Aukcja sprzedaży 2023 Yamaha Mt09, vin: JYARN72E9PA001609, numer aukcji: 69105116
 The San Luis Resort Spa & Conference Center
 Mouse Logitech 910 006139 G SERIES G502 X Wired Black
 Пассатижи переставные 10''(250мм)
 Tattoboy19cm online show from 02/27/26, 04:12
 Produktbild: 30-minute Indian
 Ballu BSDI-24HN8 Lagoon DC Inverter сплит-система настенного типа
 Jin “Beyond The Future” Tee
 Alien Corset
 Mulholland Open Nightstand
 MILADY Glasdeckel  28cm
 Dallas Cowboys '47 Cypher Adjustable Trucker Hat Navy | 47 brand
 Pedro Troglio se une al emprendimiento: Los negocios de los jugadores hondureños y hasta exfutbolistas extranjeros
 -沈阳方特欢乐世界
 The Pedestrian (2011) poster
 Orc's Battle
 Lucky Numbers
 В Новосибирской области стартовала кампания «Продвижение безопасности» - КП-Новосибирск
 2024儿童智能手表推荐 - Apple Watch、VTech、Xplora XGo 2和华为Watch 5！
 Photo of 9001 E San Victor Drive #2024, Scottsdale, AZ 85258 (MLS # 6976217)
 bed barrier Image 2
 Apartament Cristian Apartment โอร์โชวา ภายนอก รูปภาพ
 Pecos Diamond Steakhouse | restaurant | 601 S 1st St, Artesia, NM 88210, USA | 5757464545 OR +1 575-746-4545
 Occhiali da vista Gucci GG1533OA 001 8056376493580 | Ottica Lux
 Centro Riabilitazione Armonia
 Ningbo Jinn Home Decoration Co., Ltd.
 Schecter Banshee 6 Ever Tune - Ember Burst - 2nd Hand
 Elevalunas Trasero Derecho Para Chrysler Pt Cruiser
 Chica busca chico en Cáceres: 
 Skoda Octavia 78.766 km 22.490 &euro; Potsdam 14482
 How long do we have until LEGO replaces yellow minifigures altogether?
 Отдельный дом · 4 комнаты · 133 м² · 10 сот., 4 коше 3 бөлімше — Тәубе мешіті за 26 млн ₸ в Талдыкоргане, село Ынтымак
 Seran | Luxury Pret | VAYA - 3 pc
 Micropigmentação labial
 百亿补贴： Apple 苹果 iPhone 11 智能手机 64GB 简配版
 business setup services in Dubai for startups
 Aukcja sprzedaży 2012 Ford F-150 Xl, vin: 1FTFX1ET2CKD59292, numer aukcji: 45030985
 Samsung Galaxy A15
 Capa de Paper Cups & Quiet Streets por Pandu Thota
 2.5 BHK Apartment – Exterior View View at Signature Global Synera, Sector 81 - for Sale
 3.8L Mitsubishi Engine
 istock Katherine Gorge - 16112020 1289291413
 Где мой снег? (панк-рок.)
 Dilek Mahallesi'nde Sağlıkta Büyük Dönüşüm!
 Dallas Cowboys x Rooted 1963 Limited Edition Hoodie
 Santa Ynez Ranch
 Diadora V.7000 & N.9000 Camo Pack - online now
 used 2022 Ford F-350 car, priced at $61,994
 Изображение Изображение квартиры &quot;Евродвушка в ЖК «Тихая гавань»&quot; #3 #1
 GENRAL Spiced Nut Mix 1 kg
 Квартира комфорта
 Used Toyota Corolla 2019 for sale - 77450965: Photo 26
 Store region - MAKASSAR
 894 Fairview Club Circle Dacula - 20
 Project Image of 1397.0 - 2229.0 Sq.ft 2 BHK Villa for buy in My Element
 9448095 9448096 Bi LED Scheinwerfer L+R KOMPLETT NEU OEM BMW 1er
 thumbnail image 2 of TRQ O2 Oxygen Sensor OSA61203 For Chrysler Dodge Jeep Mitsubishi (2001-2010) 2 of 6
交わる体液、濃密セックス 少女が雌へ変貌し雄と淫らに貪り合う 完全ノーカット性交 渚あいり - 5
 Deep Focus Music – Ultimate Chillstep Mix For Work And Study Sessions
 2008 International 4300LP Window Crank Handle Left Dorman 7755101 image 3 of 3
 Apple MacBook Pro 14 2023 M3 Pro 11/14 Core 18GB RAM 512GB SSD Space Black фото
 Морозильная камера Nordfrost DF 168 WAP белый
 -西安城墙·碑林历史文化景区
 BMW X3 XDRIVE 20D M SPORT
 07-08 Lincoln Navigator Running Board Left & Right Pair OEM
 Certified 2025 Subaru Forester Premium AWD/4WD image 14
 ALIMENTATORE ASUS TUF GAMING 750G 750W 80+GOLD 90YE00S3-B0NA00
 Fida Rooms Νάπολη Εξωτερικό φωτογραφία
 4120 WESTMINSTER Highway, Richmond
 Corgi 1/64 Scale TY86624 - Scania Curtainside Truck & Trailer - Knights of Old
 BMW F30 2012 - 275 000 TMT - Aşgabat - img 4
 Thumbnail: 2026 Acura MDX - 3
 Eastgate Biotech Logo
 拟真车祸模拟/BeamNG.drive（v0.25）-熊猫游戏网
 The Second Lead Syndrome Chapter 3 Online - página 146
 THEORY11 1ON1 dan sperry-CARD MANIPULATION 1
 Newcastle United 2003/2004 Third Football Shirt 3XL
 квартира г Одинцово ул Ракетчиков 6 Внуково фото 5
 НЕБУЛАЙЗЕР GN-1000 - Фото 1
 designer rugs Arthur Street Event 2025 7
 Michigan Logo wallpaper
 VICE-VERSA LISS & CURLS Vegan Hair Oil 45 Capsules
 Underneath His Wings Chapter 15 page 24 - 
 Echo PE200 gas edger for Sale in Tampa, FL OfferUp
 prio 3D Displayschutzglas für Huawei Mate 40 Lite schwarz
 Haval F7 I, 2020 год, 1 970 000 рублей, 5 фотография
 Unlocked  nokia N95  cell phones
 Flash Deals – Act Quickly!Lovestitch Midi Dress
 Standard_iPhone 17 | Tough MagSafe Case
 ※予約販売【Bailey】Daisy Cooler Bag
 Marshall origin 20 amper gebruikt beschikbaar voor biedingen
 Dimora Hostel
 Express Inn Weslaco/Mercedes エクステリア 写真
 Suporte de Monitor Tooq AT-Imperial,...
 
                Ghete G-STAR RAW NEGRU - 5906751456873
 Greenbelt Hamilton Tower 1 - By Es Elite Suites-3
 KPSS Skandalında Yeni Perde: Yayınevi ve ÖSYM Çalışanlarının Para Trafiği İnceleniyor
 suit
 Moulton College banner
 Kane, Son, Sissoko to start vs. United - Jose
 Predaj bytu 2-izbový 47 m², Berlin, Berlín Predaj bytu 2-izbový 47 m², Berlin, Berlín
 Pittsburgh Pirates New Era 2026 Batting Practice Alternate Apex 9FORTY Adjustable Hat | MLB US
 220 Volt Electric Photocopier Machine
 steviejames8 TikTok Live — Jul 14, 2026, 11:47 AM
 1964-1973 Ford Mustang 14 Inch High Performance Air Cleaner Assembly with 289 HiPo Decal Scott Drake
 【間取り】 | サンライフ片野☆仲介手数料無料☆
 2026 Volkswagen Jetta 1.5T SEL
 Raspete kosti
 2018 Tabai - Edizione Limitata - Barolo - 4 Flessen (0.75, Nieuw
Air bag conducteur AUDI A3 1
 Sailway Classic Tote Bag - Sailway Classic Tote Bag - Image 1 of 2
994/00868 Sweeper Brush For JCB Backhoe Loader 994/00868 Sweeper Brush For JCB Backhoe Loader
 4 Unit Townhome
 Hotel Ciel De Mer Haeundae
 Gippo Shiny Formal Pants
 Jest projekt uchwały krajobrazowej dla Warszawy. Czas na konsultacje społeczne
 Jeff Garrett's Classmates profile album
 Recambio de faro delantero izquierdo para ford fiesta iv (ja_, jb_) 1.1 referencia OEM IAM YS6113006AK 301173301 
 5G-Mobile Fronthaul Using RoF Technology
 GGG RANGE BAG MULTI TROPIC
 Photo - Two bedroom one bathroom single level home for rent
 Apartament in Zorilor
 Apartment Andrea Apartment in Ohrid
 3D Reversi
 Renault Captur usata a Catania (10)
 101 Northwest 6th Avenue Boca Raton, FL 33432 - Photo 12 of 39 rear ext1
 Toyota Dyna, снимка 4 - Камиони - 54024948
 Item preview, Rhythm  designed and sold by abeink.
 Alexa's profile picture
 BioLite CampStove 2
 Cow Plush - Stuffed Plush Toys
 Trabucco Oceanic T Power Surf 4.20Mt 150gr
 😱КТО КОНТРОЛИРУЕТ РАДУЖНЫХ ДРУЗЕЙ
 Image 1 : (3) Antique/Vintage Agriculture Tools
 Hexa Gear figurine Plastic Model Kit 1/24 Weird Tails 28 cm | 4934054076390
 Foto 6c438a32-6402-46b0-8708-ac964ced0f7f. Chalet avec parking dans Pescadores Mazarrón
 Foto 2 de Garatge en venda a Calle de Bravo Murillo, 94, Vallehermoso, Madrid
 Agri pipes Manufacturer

::::::::

*What to work on*.
From the material above, set down exactly the lines between the line holding "designer rugs Arthur Street Event 2025 7" and the line holding "Jeff Garrett's Classmates profile album", inclusive. Include nothing else.

*Exercise solution*.
 designer rugs Arthur Street Event 2025 7
 Michigan Logo wallpaper
 VICE-VERSA LISS & CURLS Vegan Hair Oil 45 Capsules
 Underneath His Wings Chapter 15 page 24 - 
 Echo PE200 gas edger for Sale in Tampa, FL OfferUp
 prio 3D Displayschutzglas für Huawei Mate 40 Lite schwarz
 Haval F7 I, 2020 год, 1 970 000 рублей, 5 фотография
 Unlocked  nokia N95  cell phones
 Flash Deals – Act Quickly!Lovestitch Midi Dress
 Standard_iPhone 17 | Tough MagSafe Case
 ※予約販売【Bailey】Daisy Cooler Bag
 Marshall origin 20 amper gebruikt beschikbaar voor biedingen
 Dimora Hostel
 Express Inn Weslaco/Mercedes エクステリア 写真
 Suporte de Monitor Tooq AT-Imperial,...
 
                Ghete G-STAR RAW NEGRU - 5906751456873
 Greenbelt Hamilton Tower 1 - By Es Elite Suites-3
 KPSS Skandalında Yeni Perde: Yayınevi ve ÖSYM Çalışanlarının Para Trafiği İnceleniyor
 suit
 Moulton College banner
 Kane, Son, Sissoko to start vs. United - Jose
 Predaj bytu 2-izbový 47 m², Berlin, Berlín Predaj bytu 2-izbový 47 m², Berlin, Berlín
 Pittsburgh Pirates New Era 2026 Batting Practice Alternate Apex 9FORTY Adjustable Hat | MLB US
 220 Volt Electric Photocopier Machine
 steviejames8 TikTok Live — Jul 14, 2026, 11:47 AM
 1964-1973 Ford Mustang 14 Inch High Performance Air Cleaner Assembly with 289 HiPo Decal Scott Drake
 【間取り】 | サンライフ片野☆仲介手数料無料☆
 2026 Volkswagen Jetta 1.5T SEL
 Raspete kosti
 2018 Tabai - Edizione Limitata - Barolo - 4 Flessen (0.75, Nieuw
Air bag conducteur AUDI A3 1
 Sailway Classic Tote Bag - Sailway Classic Tote Bag - Image 1 of 2
994/00868 Sweeper Brush For JCB Backhoe Loader 994/00868 Sweeper Brush For JCB Backhoe Loader
 4 Unit Townhome
 Hotel Ciel De Mer Haeundae
 Gippo Shiny Formal Pants
 Jest projekt uchwały krajobrazowej dla Warszawy. Czas na konsultacje społeczne
 Jeff Garrett's Classmates profile album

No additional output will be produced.